(Stored items)
━━━━━━━━━━
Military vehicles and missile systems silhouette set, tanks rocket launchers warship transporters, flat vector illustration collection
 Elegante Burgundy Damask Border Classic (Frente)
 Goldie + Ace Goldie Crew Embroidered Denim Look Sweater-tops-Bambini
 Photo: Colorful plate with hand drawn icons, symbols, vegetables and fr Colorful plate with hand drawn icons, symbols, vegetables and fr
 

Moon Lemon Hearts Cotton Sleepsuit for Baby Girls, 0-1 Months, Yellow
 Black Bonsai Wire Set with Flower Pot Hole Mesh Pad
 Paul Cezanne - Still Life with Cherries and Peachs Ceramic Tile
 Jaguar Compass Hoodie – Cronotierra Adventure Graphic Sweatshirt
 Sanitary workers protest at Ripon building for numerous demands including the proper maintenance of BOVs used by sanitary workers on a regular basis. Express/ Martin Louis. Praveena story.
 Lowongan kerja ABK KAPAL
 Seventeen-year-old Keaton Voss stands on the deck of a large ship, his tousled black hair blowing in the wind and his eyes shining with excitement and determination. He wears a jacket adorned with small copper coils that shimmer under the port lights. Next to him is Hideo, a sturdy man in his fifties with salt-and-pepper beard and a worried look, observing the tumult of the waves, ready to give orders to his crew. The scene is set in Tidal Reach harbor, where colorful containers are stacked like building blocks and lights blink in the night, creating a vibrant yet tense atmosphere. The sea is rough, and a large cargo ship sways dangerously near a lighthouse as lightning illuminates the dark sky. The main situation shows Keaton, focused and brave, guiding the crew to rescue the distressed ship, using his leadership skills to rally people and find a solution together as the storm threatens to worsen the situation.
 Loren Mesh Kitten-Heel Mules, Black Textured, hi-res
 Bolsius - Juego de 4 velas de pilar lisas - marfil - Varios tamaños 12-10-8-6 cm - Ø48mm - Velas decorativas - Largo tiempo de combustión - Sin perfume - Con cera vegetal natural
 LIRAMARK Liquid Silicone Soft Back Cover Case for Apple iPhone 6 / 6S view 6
━━━━━━━━━━
- [What the exercise asks] Where a line of the records above holds the word "Mesh", copy that line.

- [Task output]
 Black Bonsai Wire Set with Flower Pot Hole Mesh Pad
 Loren Mesh Kitten-Heel Mules, Black Textured, hi-res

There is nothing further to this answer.